The NYTimes reports the story here: http://www.nytimes.com/2006/07/15/education/15report.html
Can anyone out there who works in this field and has genuine expertise comment on this? Given the high number of private schools in Mississippi, this would seem relevant from a policy perspective.
The papers are reporting a study that compares public v private schools that concludes that public school students perform as well or better than private school students, with some notable exceptions. The NYTimes reports the story here: http://www.nytimes.com/2006/07/15/education/15report.html Can anyone out there who works in this field and has genuine expertise comment on this? Given the high number of private schools in Mississippi, this would seem relevant from a policy perspective.
Notice that the article cites "conservative Christian schools" for the worst academic performance, espeically in math. Perhaps relevant to Mississippi?
I'm confused about the basis of this report -- bearing in mind that I'm not a professional educator. In the Executive Summary, they mention "estimates" -- it's not clear to me as a lay person where their numbers come from. Is this based on test scores from a test all private schools give?
One needs to be a statistician not an educator to understand the methodology. To describe this in a nutshell, since private and religious schools are not bound by the No Child Left Behind ruling of W (though Charter Schools are) a different instrument was used. In this case "instrument" is a standardized test independent of the state tests administered for W's initiative.
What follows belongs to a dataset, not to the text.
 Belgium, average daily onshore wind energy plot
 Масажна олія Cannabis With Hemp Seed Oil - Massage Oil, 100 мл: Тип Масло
The test was administered to 350,000+ students, representing roughly 7% of all public school students in the 4th and 8th grade at that time. The same proportion of students was tested for both reading and math. In the detailed methodology the authors show that the sample set used has a resonable distribution across the identified types of educational settings (Table 4 in Appendix A) but there is a a lower percentage of non-public school students tested. For Conservative Christian Schools (self identified as such) the testing rate was about 2.5% of all enrolled for reading and 1.5% for math. Most religious schools shy aware from standardized tests, though in the last 10 years major faith based universities (ie Oral Roberts University) do expect the SAT test after ETS removed any reference to evolution.